### Exercise
Look below for the line holding "nuclear y alrededor" and the line holding "el gobierno venezolano. Foto". Repeat those two and everything between, exactly.

### Information given
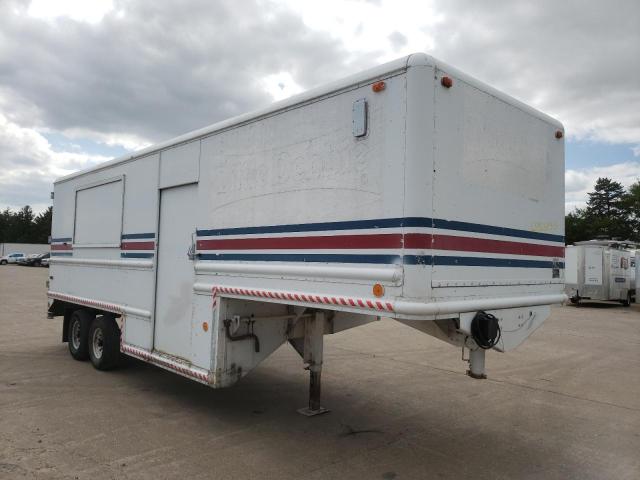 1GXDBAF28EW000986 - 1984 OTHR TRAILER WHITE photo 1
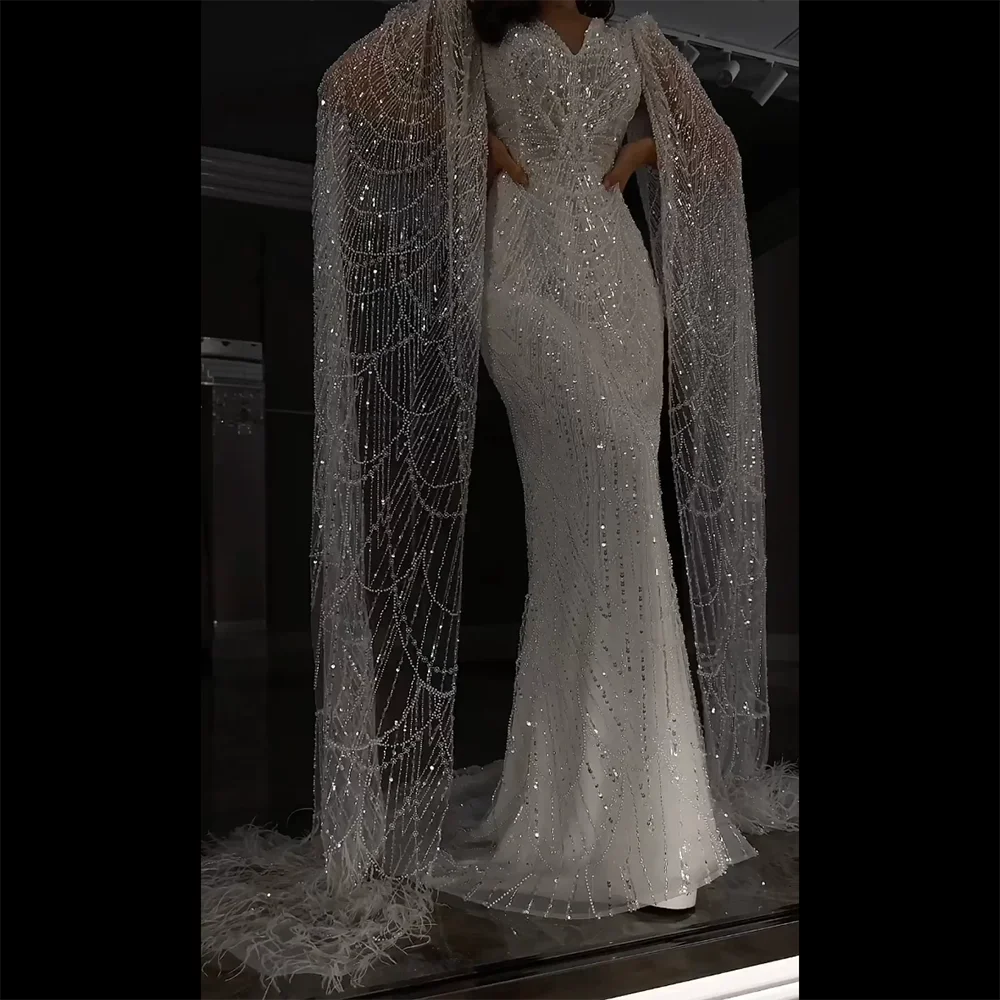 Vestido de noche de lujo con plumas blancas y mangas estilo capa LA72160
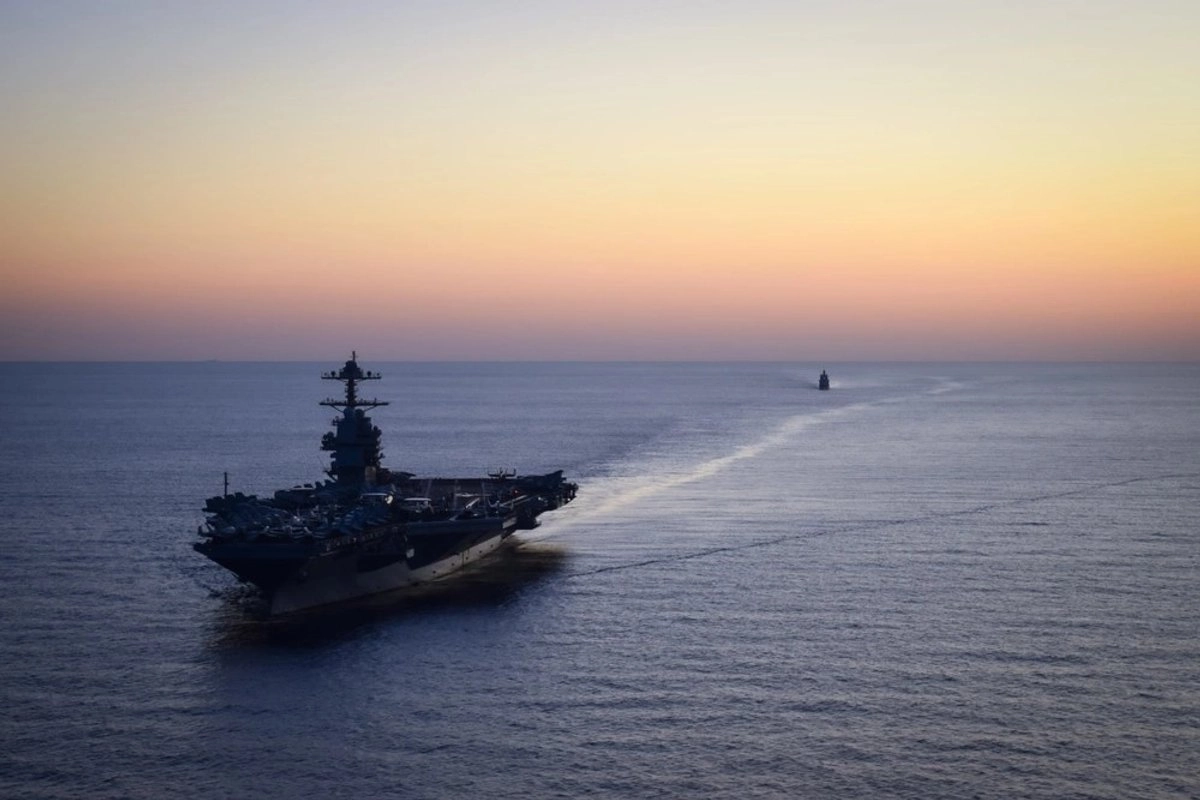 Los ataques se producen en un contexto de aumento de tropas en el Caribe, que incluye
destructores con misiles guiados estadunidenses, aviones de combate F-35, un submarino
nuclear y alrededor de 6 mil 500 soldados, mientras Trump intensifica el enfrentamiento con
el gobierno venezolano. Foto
---
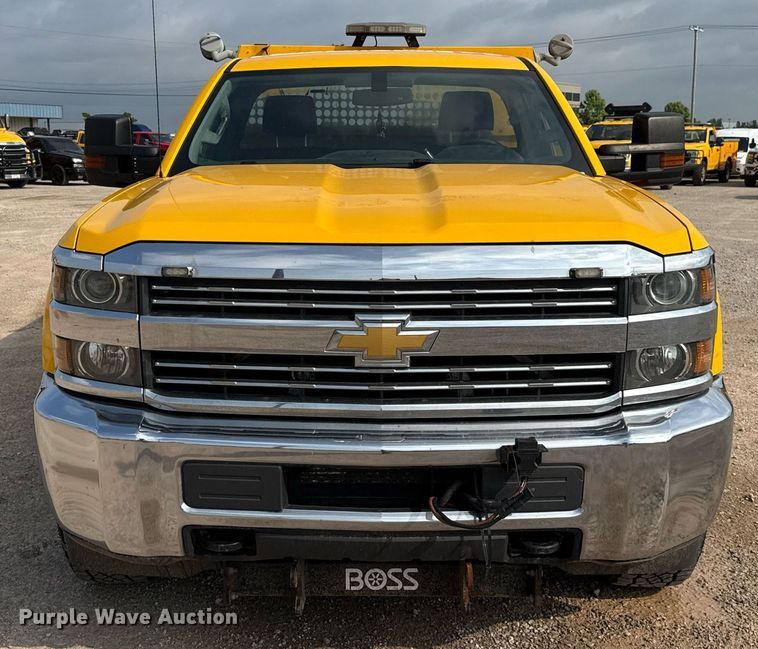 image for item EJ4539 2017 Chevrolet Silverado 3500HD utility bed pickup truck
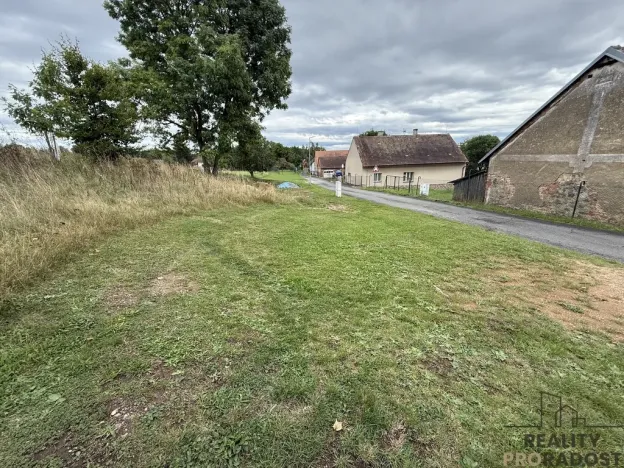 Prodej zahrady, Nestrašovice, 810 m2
---
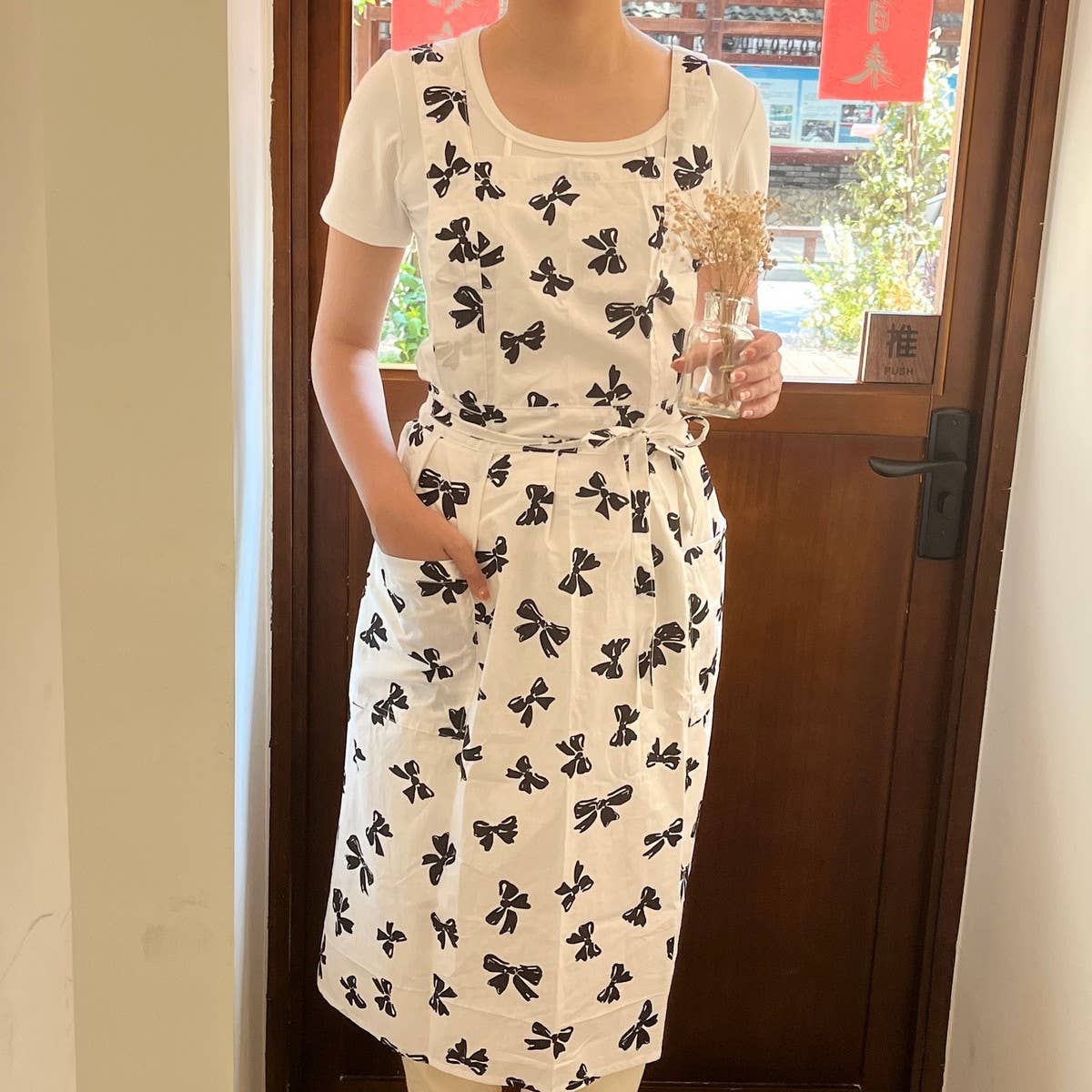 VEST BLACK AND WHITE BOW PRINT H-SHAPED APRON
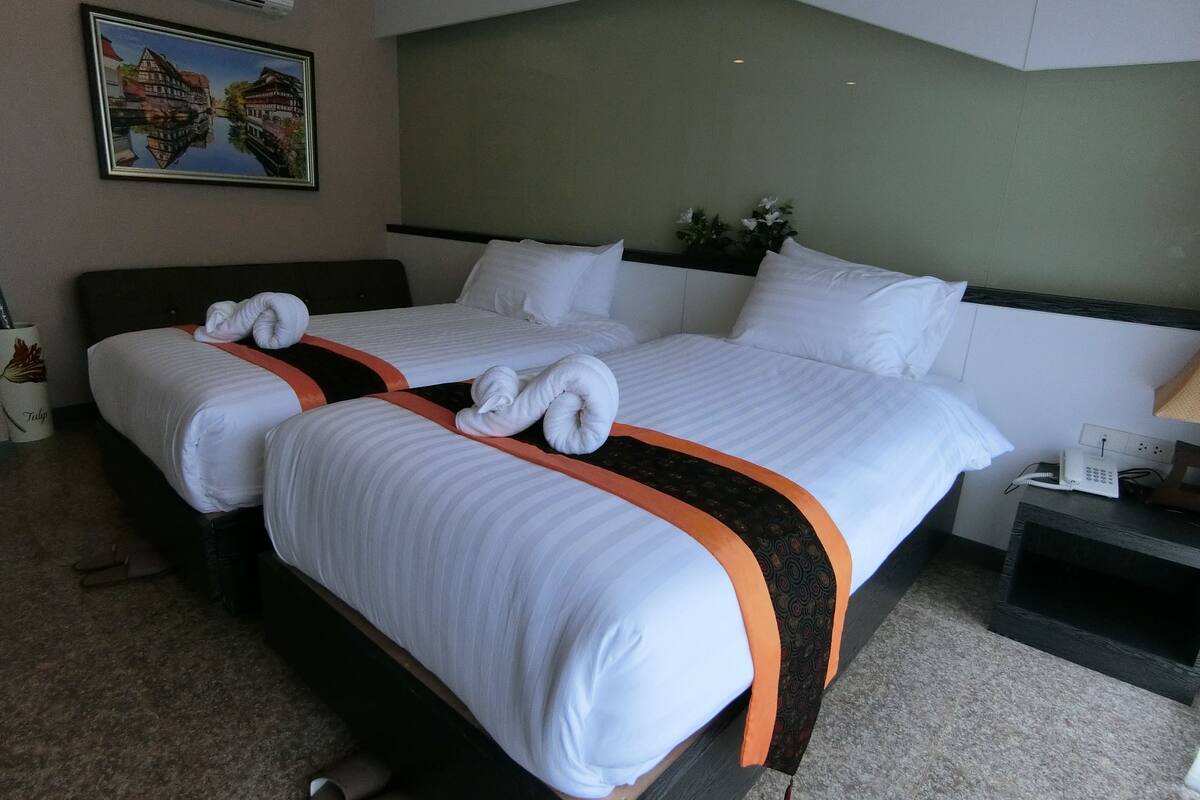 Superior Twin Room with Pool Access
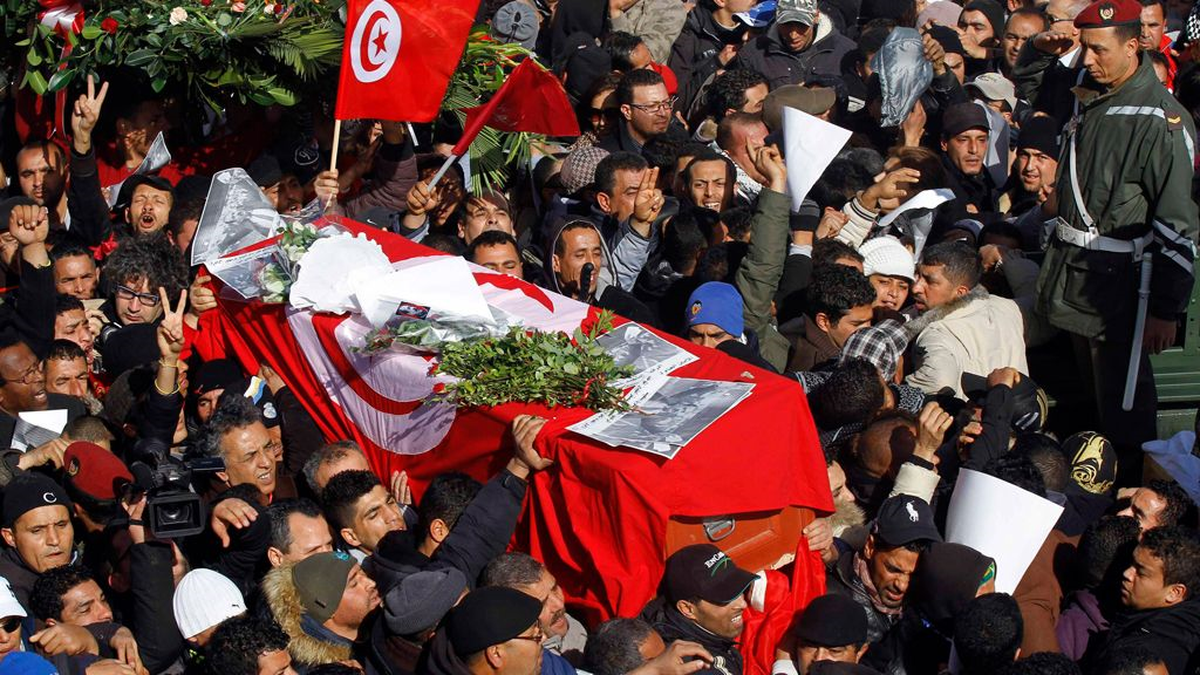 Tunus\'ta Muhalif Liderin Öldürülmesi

### Answer section
nuclear y alrededor de 6 mil 500 soldados, mientras Trump intensifica el enfrentamiento con
el gobierno venezolano. Foto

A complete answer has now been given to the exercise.